Die in Arnold Keyserlings Artikel angesprochenen Gedanken sind auch für das Qigong wesentlich, deuten sie doch an, was dessen geistige Bedeutung für uns ausmachen könnte, die wir in einem anderen kulturellen Zusammenhang zuhause sind.

Obwohl Qigong in seiner heutigen Gestalt erst seit wenigen Jahrzehnten existiert, steht es doch ganz in der Tradition des Daoismus. Geht man im Daoismus davon aus, dass das Leben im unsichtbaren, unhörbaren und ungreifbaren Dao 道 wurzelt, in den geheimnisvollen Tiefenschichten der Wirklichkeit, aus denen es immer wieder seine Erneuerung finden kann und muss, so findet man denselben Gedanken und dieselbe Struktur auch im Qigong, das ebenfalls durch seine Methoden das individuelle Leben an das „große Leben“ wiederanzuschließen sucht, an den vagen, undefinierten Urgrund, der erst in tiefer innerer Stille und Leere zugänglich werden kann. Erst wenn der Zugang zum schöpferischen Urgrund und Urpotential geschaffen ist, kann sich das Leben, sowohl physisch als auch geistig, regenerieren und zu der ihm gemäßen Harmonie finden, die der Harmonie der natürlichen Welt entspricht.

Harmonie und Ordnung werden jedoch nicht gemacht. Gerade für uns im Westen ist dies ein wichtiger Gedanke. Die Natur trägt nicht den christlichen Makel der Unvollkommenheit in sich, keine Urschuld muss gesühnt werden, es braucht weder Steuerung noch Verbesserung oder Kontrolle des Lebens, damit Ordnung und Harmonie entstehen können. Ordnung und Harmonie sind vielmehr Eigenschaften des Dao 道, des „Weges“, d.h. in der Natur entstehen sie von selbst.

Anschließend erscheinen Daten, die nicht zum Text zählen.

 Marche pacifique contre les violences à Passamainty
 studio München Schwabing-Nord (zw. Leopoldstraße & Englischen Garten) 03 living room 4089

Auch der Mensch wäre demgemäß grundsätzlich Teil dieser Ordnung, obwohl er im Alltag aus unterschiedlichsten Gründen immer wieder aus dieser herausfällt, mit all den negativen Folgen für das körperliche wie auch das geistige Leben.

Um die Harmonie wiederzuerlangen, ist es die erste Aufgabe des Menschen, zu lassen. Ordnung und Harmonie sind Grundeigenschaften der Natur, Mensch und Natur sind gemeinsamen Ursprungs, darum können Ordnung und Harmonie aus dem Lassen entstehen, aus einer Haltung des Nicht-Eingreifens und des nicht artifiziellen Handelns, Wuwei 無為 genannt. Und darum geht es in den Grundprinzipien des Qigong auch nicht um Techniken der Qi-Steuerung und Qi-Kontrolle, sondern es wird von Entspannung, Ruhe und Natürlichkeit gesprochen, also davon, wie wichtig es ist, physisch wie auch psychisch loszulassen, ruhig zu werden, die Ruhe allmählich vertiefen zu lernen, jede Entwicklung natürlich geschehen zu lassen und sich nicht um Ergebnisse zu bemühen. Darum ist es auch inkorrekt, wenn Qigong als „Energiearbeit“ übersetzt und verstanden wird; es geht weder um ein „Arbeiten“ mit dem Qi noch könnte überhaupt mit diesem „gearbeitet“ werden. Qigong ist vielmehr ein Entspannen und Lassen, das dem Leben erlaubt, seine Ordnung, die der Ordnung der Natur entspricht, von selbst wiederzufinden.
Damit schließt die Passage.